As consumers of entertainment, the superhero genre offers a respite from the real world. It’s an escapism. But Bettany is active in causes that he feels are important. With this celebrity, he is amplifying movements that he cares about. “I’m kind of an optimist in that way.”
And assuming if Trump gets four more years?
“Trump claiming a victory now without all the votes being counted is no victory. Right now, I can only see as far as the ballot counting. At the moment, we’ll have to get through this.” There’s a pause on the other end. “[If Trump is elected again] it’s very likely to be dreadful.” The numbers show a country that’s divided. Regardless of who wins the presidency, one-half of the population will feel disenfranchised. The wound remains open, the split threatens to widen.

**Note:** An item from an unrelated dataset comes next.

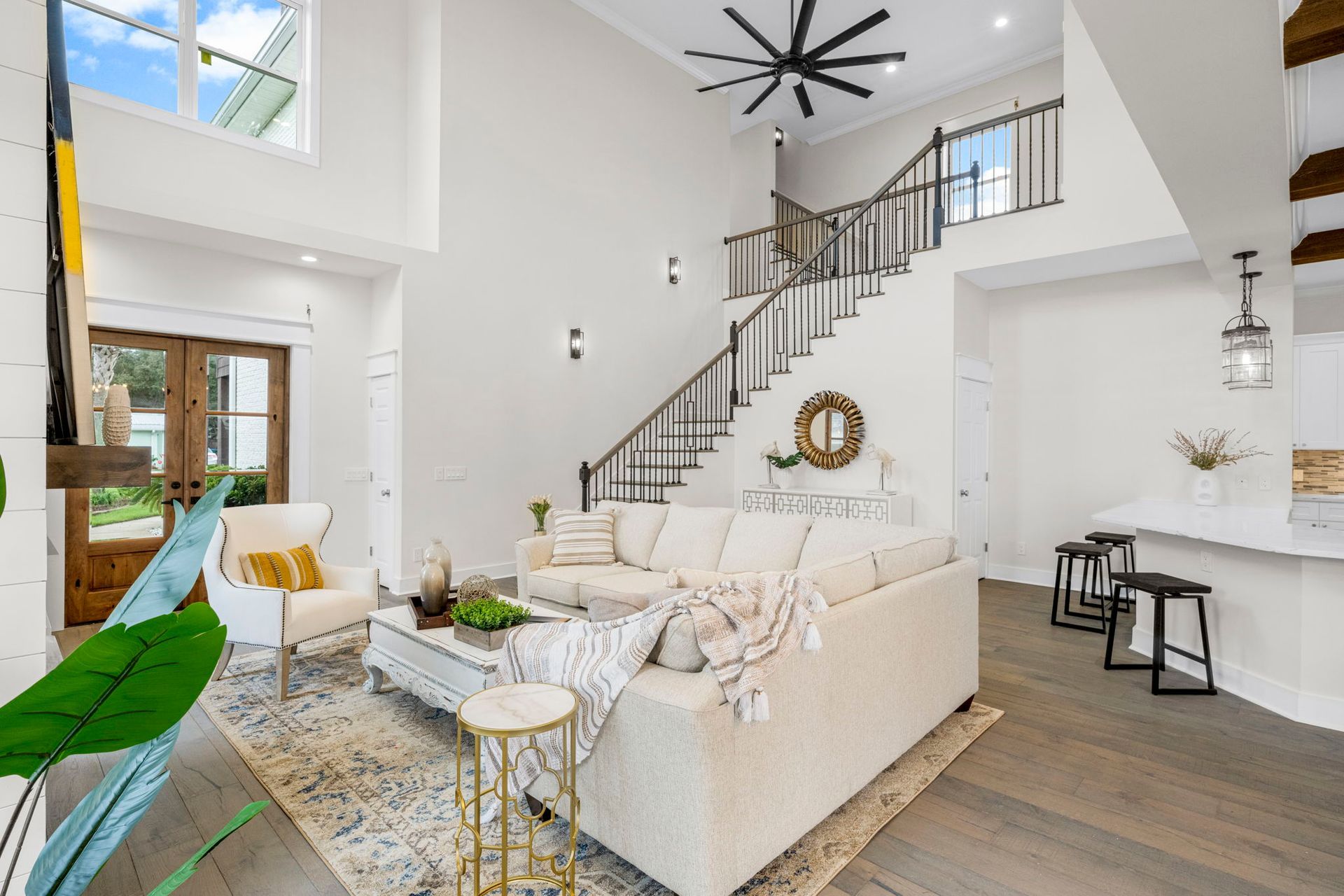 Bright modern living room with white sectional sofa, staircase, high ceilings, and large windows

But one of the keys to being an actor is empathy. Bettany sees acting as “trying to [place] yourself imaginatively in different people’s circumstances”. He believes that the power of films is the spellbinding evocation of empathy. And maybe, all of us can be actors, in our own ways.
We can escape to new worlds of our choosing, but for Bettany, this is one he opted for the long haul. Despite its sharp edges and surprising joys, this is the world he lives in and will continue to do so.
After the interview, Bettany will nurse a cup of coffee. As the caffeine fires up his senses, he’ll ruminate about what to get for his wife for her birthday. Then his mind will hopscotch to Christmas, and then he’ll pore through scripts, deciding on what other new places to explore. He wonders about the reception of WandaVision, he’ll prepare to do press for his next project, an Amazon Prime Video film called Uncle Frank.
Invariably, he’ll excessively read the newspapers and scroll through his newsfeed, hoping to see if the numbers have changed, hoping to catch a glimpse of light at the end of a very long tunnel.
The premiere date for WandaVision is January 15 and will stream exclusively on Disney+.